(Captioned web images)

Start of Block

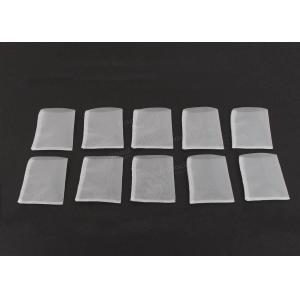 Filter Mesh Nylon Rosin Bags 100% Polyamide Material For Food Intustry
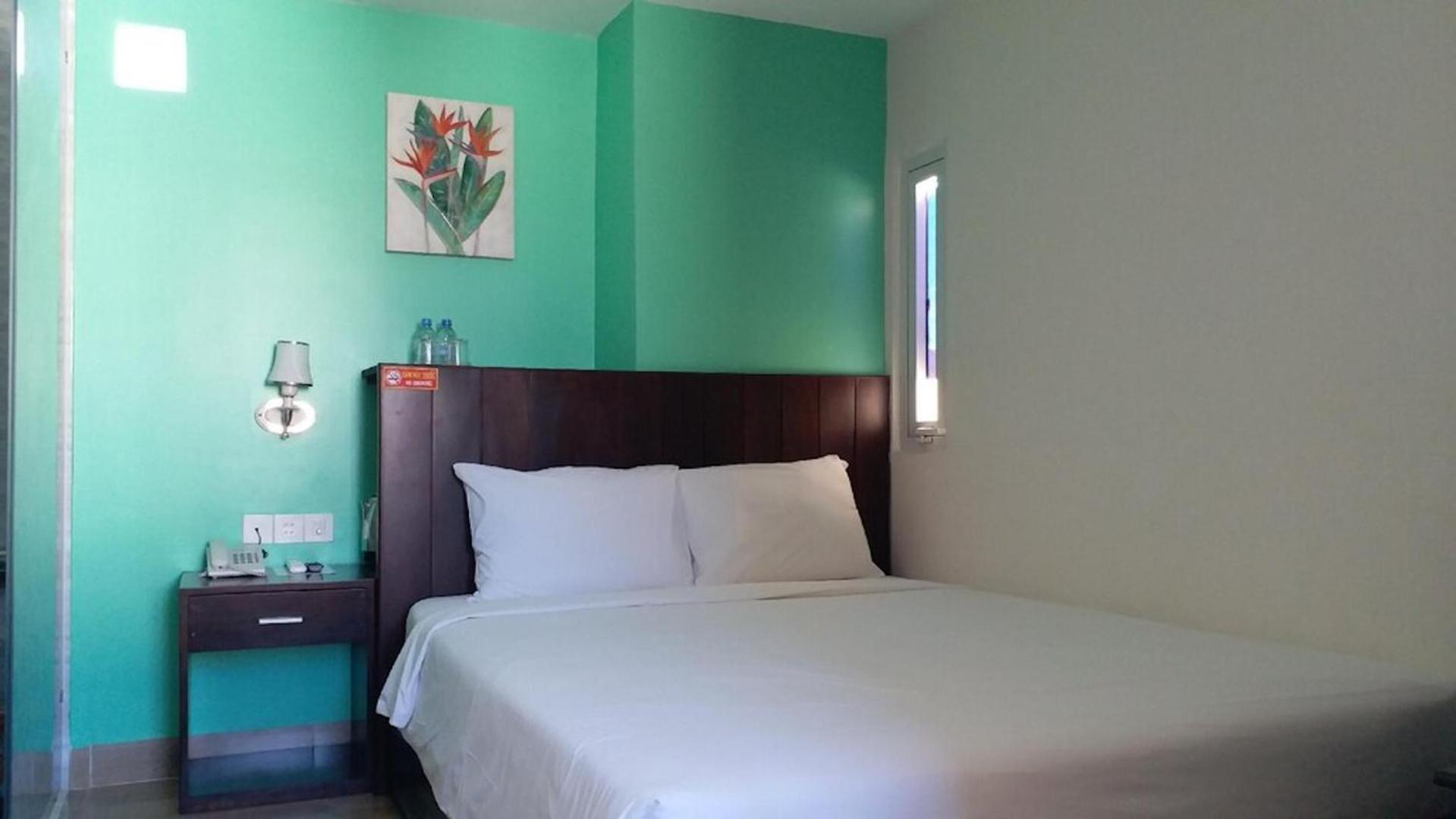 Melyna Hotel Nha Trang Beach Eksteriør billede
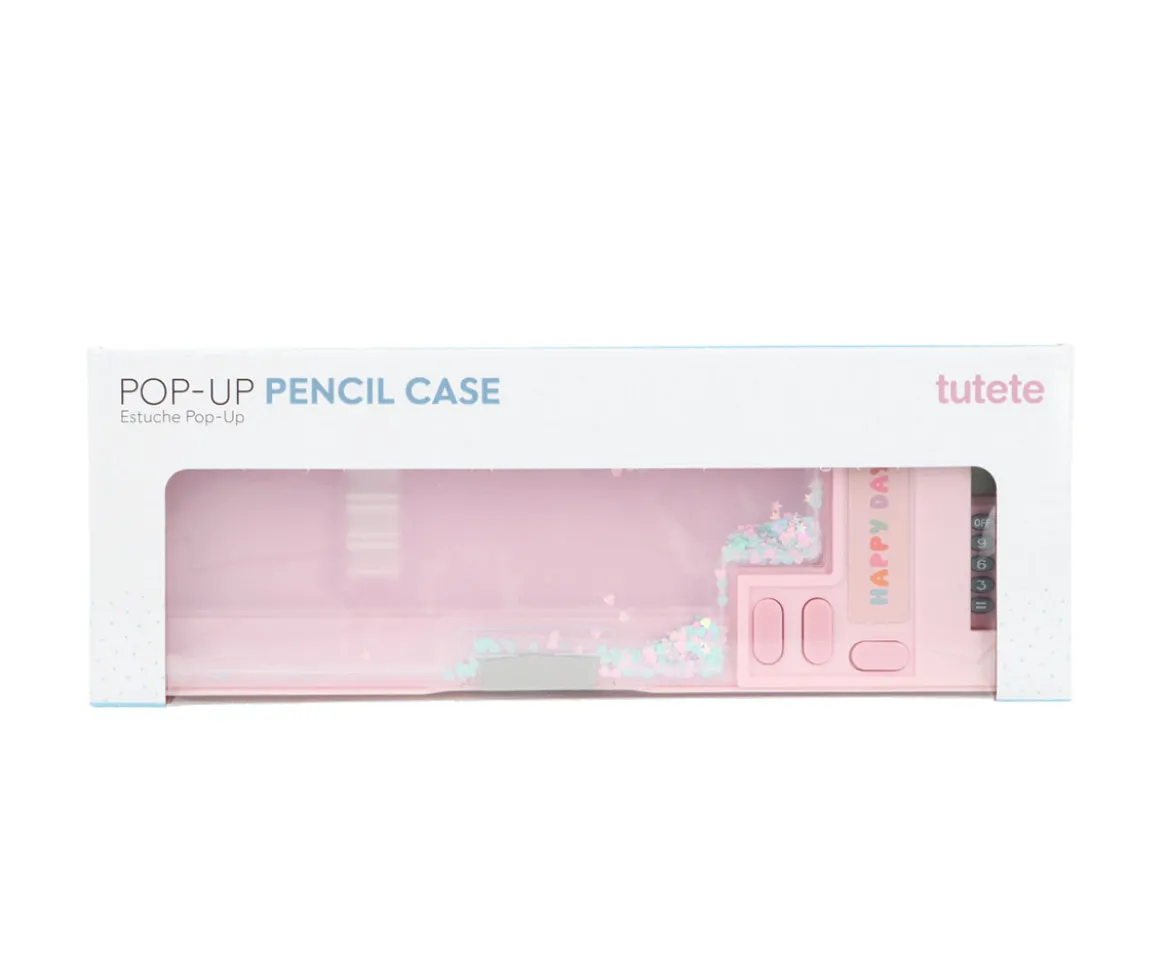 Estuche Pop Up Pink Garden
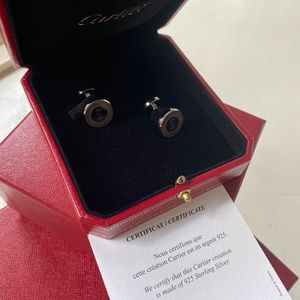 CARTIER CUFFLINKS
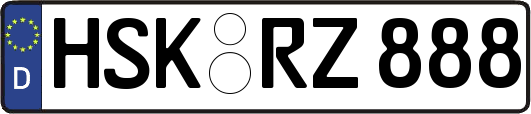 HSK-RZ888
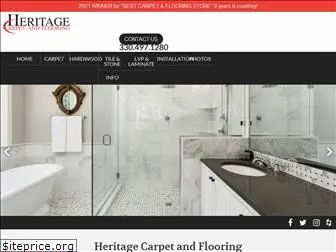 heritage-carpet.com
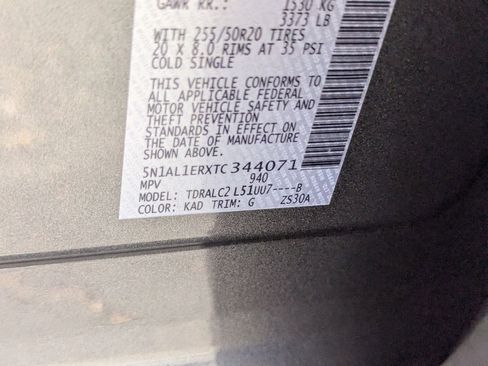 New 2026 INFINITI QX60 Pure w/ Cargo Package image 32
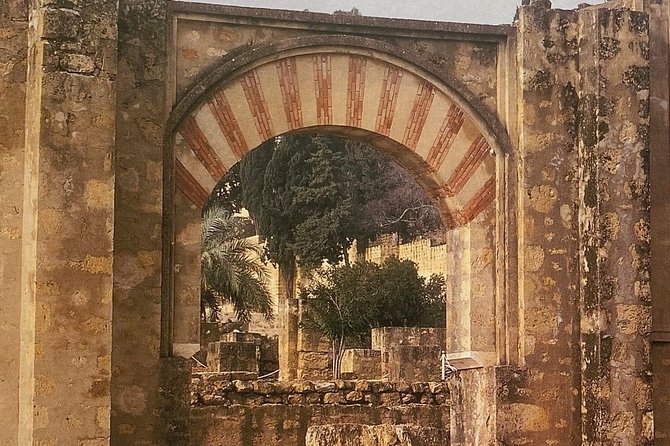 Guided tour of Medina Azahara in Spanish with Bus. Official Guides - Group Size, Timing, and Pace: Comfortable, Not Chaotic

End of Block

TASK DETAILS: No pictures go in the copy. Retype exactly the lines from the one with "Estuche Pop Up Pink Garden" through the last line of the entries above, both included, and nothing more.

ANSWER:
 Estuche Pop Up Pink Garden
 CARTIER CUFFLINKS
 HSK-RZ888
 heritage-carpet.com
 New 2026 INFINITI QX60 Pure w/ Cargo Package image 32
 Guided tour of Medina Azahara in Spanish with Bus. Official Guides - Group Size, Timing, and Pace: Comfortable, Not Chaotic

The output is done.